▸ **The data**:
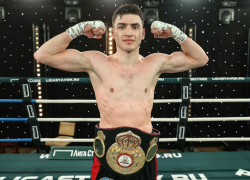 Волгодонец Харитон Агрба завоевал первый чемпионский пояс по боксу 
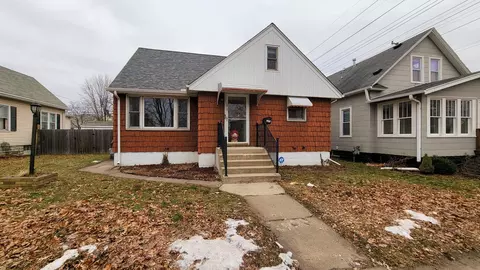 2815 Grand St NE, Minneapolis, MN 55418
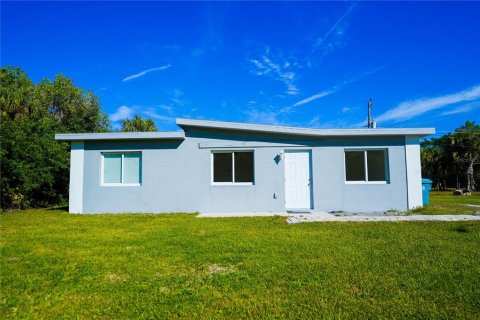 House in Punta Gorda, Florida 4 bedrooms, 136.01 sq.m. № 1530825 - photo 1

▸ **Exercise**: The range to set down runs from the line containing "2815 Grand St NE, Minneapolis, MN 55418" through the final line of the data, both ends included; give it exactly and drop the pictures.

▸ **Result of this task**:
 2815 Grand St NE, Minneapolis, MN 55418
 House in Punta Gorda, Florida 4 bedrooms, 136.01 sq.m. № 1530825 - photo 1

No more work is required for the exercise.